Recorded data:
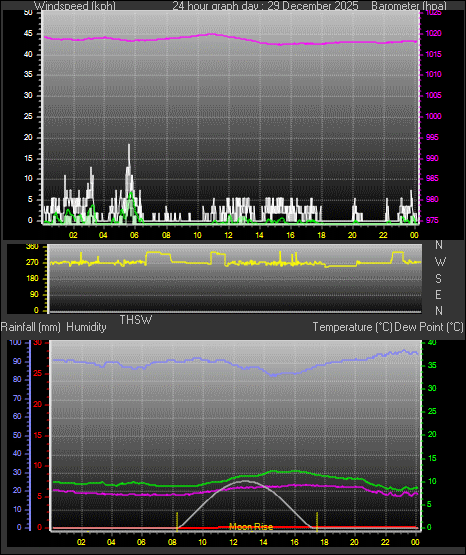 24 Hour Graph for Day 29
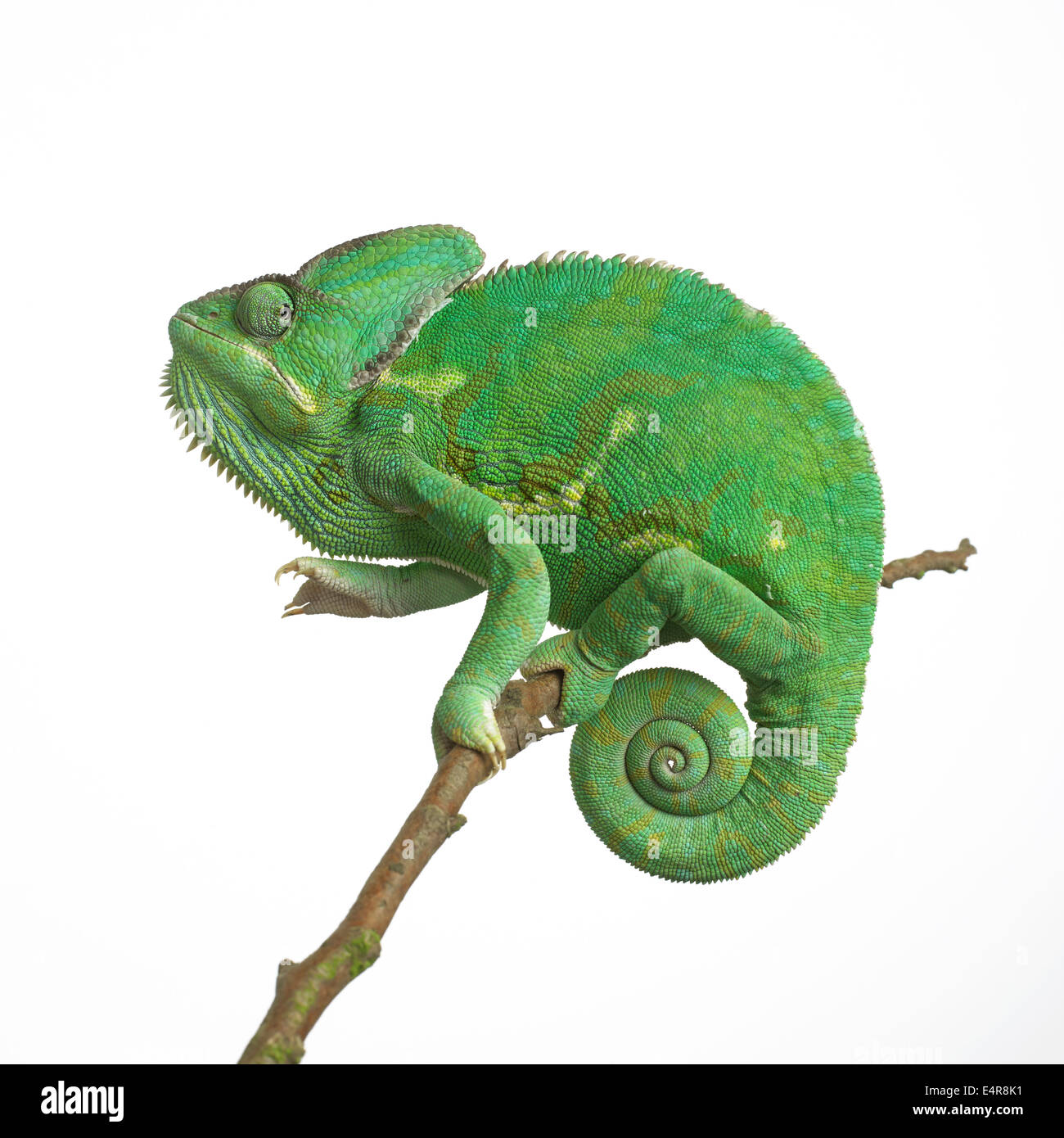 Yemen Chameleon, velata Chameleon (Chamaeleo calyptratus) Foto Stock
==
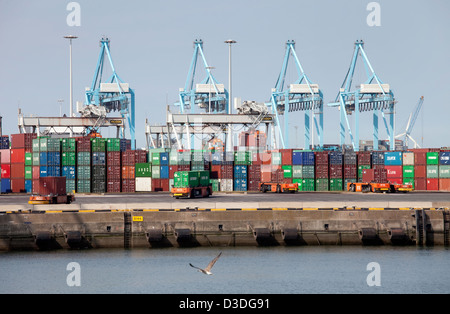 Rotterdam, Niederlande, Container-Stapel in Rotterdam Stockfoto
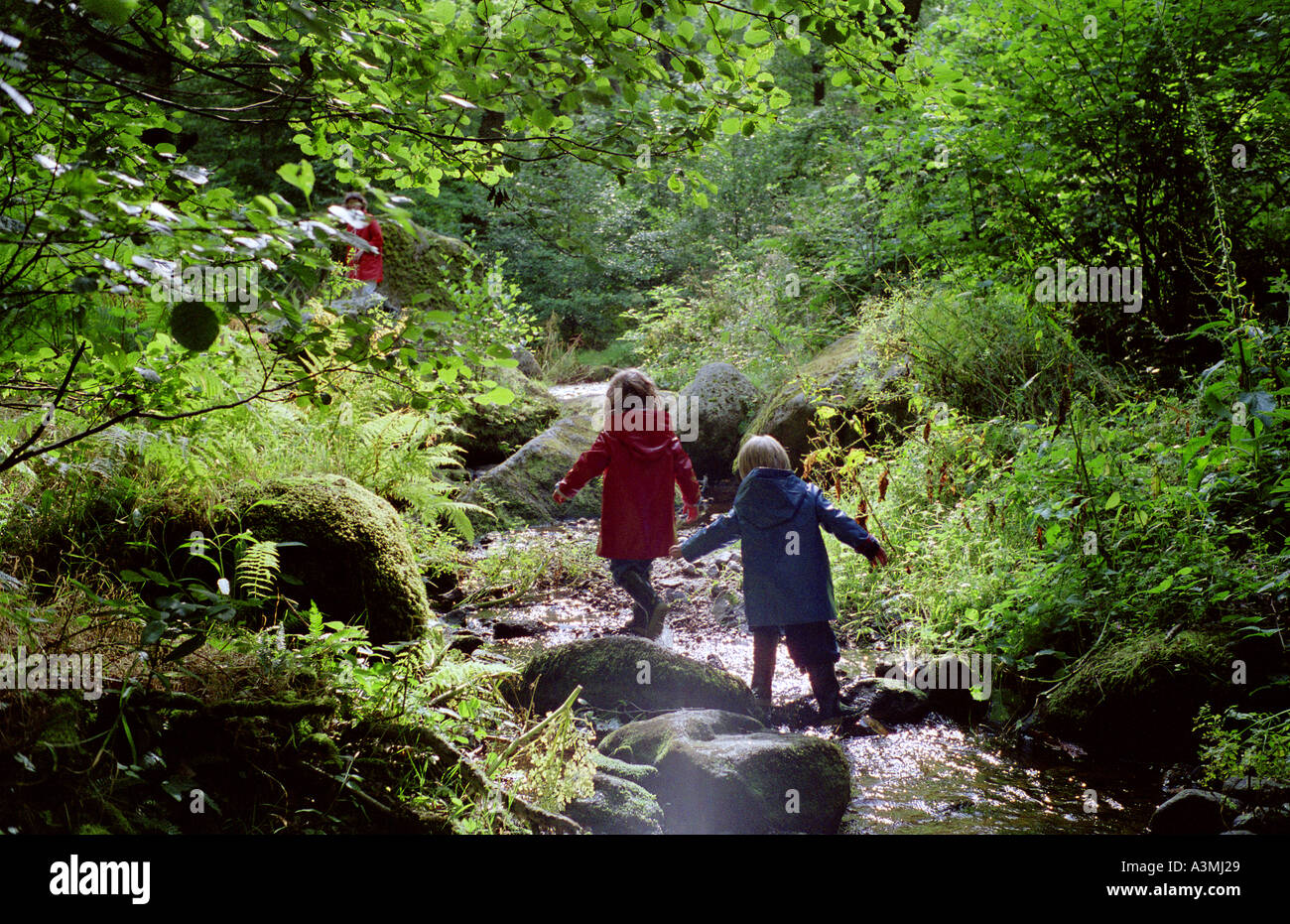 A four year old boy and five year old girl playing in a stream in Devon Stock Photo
==
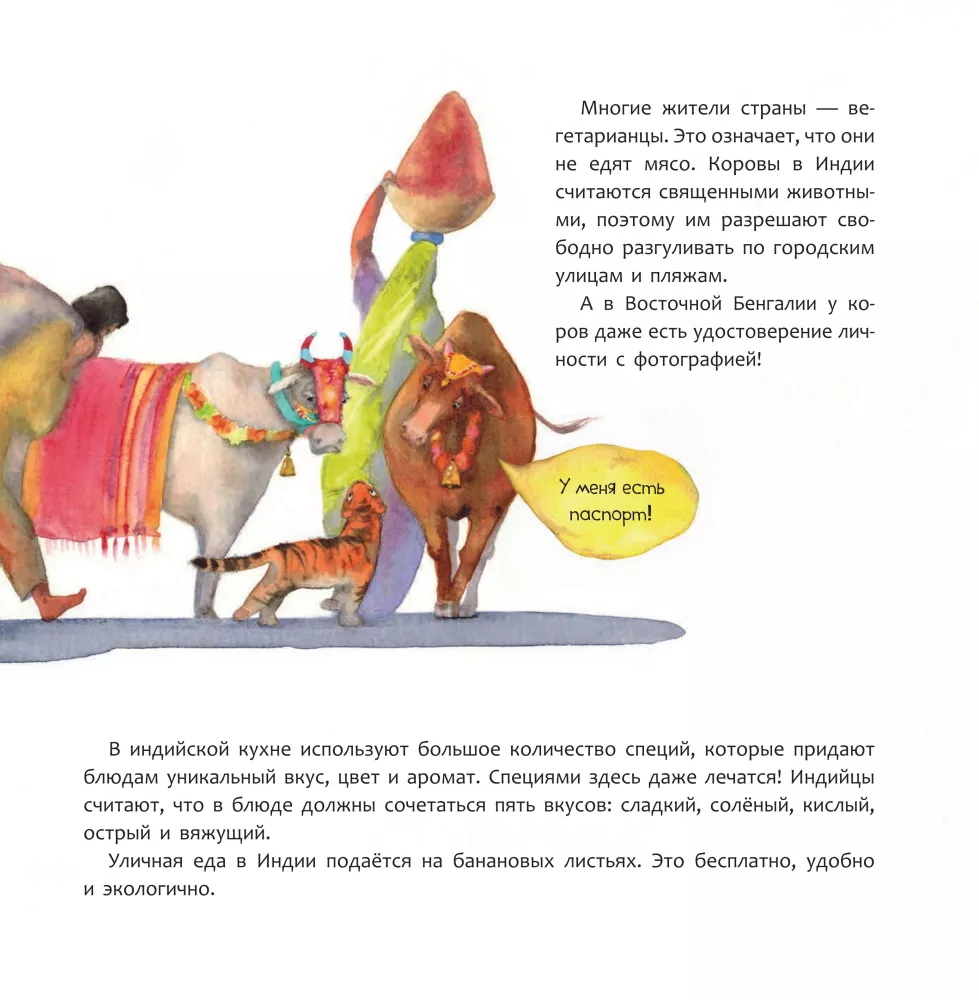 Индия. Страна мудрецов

The problem:
In the records above, find the line with "24 Hour Graph for Day 29" and the line with "Yemen Chameleon, velata"; please transcribe exactly those two lines and all lines between them, omitting any picture.

Response to this exercise:
 24 Hour Graph for Day 29
 Yemen Chameleon, velata Chameleon (Chamaeleo calyptratus) Foto Stock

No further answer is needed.